Cloudprober can natively export metrics to Google Cloud Monitoring (formerly, Stackdriver) using stackdriver surfacer. Adding stackdriver surfacer to cloudprober is as simple as adding the following stanza to the config:

surfacer {
  type: STACKDRIVER
}

This config will work if you’re running on GCP and your VM (or GKE pod) has access to Cloud Monitoring (Stackdriver). If running on any other platform, you’ll have to specify the GCP project where you want to send the metrics, and you’ll have to configure your environment for Google Application Default Credentials.

By default, stackdriver surfacer exports metrics with the following prefix: custom.googleapis.com/cloudprober/<probe-type>/<probe>. For example, for HTTP probe named google_com, standard metrics will be exported as:

custom.googleapis.com/cloudprober/http/google_com/total
custom.googleapis.com/cloudprober/http/google_com/success
custom.googleapis.com/cloudprober/http/google_com/failure
custom.googleapis.com/cloudprober/http/google_com/latency

All the config options for the stackdriver surfacer: config

For example, you can configure stackdriver surfacer to export only metrics that match a specific regex:

surfacer {
  stackdriver_surfacer {
    # Export only "http" probe metrics.
    allowed_metrics_regex: ".*\\/http\\/.*"
  }
}

Accessing the data

Cloudprober exports metrics to stackdriver as custom metrics. Since all cloudprober metrics are counters (total number of probes, success, latency), you’ll see rates of these metrics in stackdriver metrics explorer by default. This data may not be very useful as it is (unless you’re using distributions in cludprober, more on that later).

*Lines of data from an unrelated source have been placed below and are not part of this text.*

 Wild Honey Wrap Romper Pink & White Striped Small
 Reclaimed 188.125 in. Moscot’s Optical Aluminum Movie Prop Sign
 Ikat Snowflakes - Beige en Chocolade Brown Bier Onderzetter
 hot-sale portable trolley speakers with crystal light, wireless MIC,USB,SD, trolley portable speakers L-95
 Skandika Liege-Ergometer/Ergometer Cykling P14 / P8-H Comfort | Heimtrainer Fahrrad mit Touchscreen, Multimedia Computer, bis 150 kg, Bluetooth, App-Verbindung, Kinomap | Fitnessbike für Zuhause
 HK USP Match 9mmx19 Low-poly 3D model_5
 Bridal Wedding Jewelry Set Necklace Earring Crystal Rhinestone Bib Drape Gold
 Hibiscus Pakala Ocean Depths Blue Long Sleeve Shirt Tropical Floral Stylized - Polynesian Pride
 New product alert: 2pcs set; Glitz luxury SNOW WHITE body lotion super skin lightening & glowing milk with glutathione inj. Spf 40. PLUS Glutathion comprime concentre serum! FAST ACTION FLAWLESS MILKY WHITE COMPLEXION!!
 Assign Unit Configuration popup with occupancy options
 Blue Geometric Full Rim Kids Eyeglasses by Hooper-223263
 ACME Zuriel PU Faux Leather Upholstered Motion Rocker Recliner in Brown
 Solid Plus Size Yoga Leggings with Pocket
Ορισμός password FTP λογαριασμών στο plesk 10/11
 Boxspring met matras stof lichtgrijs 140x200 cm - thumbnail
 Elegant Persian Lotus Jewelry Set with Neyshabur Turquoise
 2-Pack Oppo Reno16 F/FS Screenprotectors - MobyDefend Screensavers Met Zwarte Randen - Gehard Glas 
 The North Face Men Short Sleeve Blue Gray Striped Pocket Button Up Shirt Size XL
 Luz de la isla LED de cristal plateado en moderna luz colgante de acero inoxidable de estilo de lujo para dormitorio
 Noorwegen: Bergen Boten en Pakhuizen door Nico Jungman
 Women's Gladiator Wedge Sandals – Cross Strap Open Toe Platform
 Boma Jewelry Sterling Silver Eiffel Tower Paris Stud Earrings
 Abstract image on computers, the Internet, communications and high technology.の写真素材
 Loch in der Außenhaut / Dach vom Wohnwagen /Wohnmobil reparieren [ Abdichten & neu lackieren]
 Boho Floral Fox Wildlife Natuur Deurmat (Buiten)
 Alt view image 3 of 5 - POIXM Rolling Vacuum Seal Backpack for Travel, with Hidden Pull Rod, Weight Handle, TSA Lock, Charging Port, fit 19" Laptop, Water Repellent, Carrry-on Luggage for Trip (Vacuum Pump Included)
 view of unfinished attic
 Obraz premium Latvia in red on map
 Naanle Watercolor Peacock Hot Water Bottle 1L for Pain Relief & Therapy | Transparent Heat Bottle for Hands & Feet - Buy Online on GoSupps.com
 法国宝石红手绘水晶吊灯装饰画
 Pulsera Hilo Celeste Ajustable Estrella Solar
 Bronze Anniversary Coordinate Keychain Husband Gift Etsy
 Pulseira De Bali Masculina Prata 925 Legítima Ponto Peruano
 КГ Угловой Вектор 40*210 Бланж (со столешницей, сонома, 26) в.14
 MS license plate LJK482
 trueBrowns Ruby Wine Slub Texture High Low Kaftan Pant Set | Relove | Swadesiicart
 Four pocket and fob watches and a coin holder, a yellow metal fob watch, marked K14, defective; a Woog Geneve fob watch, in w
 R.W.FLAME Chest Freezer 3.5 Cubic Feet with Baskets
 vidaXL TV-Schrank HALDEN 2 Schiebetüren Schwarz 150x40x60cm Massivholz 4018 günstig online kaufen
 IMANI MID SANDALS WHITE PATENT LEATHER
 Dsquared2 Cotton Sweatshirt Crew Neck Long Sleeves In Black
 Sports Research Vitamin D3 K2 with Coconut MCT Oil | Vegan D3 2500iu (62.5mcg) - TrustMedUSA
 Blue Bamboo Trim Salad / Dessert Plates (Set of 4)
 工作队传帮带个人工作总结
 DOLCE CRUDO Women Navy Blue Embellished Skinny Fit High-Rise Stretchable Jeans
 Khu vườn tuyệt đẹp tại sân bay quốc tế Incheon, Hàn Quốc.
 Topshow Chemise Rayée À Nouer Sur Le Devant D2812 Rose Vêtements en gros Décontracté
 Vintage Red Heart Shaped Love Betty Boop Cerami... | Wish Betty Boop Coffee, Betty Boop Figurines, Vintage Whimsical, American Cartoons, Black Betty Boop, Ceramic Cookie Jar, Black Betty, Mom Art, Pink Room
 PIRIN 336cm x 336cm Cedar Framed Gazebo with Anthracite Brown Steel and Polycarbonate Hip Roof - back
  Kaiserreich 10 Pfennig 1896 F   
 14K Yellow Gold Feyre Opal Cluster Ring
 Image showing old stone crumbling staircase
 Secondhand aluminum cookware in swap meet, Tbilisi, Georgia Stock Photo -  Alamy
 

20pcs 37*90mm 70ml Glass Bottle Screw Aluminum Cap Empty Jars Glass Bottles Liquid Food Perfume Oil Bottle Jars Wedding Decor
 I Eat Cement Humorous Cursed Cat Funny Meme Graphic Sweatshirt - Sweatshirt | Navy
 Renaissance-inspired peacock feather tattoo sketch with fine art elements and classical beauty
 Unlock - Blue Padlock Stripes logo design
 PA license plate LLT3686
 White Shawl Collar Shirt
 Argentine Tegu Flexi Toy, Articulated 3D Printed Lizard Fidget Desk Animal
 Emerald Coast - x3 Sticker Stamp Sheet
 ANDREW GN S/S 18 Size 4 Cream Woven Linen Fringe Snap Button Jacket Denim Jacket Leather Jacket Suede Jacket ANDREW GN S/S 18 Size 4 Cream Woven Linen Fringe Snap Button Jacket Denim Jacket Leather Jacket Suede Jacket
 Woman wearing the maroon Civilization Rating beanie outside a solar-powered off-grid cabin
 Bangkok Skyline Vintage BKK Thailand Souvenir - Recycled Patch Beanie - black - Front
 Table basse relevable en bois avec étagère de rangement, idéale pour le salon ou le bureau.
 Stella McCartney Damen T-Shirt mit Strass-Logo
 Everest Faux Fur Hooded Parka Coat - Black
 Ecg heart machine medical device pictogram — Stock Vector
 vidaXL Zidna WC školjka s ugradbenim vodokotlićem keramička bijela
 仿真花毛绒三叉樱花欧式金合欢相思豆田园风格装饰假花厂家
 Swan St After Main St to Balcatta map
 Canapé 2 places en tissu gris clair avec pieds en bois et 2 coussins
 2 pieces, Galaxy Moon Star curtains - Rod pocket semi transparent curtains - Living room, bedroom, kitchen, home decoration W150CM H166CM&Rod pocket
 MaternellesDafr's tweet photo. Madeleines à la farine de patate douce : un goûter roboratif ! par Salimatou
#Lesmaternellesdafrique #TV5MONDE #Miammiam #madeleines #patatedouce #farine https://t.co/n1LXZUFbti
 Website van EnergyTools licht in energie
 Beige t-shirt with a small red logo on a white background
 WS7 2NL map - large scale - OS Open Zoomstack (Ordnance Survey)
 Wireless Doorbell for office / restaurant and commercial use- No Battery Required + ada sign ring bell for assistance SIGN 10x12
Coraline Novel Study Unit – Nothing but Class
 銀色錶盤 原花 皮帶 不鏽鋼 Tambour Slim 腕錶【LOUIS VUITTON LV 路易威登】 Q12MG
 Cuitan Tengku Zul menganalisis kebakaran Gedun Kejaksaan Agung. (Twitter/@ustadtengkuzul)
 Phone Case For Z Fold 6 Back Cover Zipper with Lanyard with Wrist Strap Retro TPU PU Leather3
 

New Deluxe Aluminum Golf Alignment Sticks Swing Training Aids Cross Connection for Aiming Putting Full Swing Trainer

However, stackdriver now provides a powerful monitoring query language,MQL, using which we can get more useful metrics.

MQL to get failure ratio:

fetch global
| { metric 'custom.googleapis.com/cloudprober/http/google_com/failure'
  ; metric 'custom.googleapis.com/cloudprober/http/google_com/total' }
| align delta(1m)
| join
| div

MQL to get average latency for a probe:

fetch global
| { metric 'custom.googleapis.com/cloudprober/http/google_com/latency'
  ; metric 'custom.googleapis.com/cloudprober/http/google_com/success' }
| align delta(1m)
| join
| div

You can use MQL to create graphs and generate alerts. Note that in the examples here we are fetching from the “global” source (fetch global); if you’re running on GCP, you can improve performance of your queries by specifying the “gceinstance” resource type: _fetch gce_instance.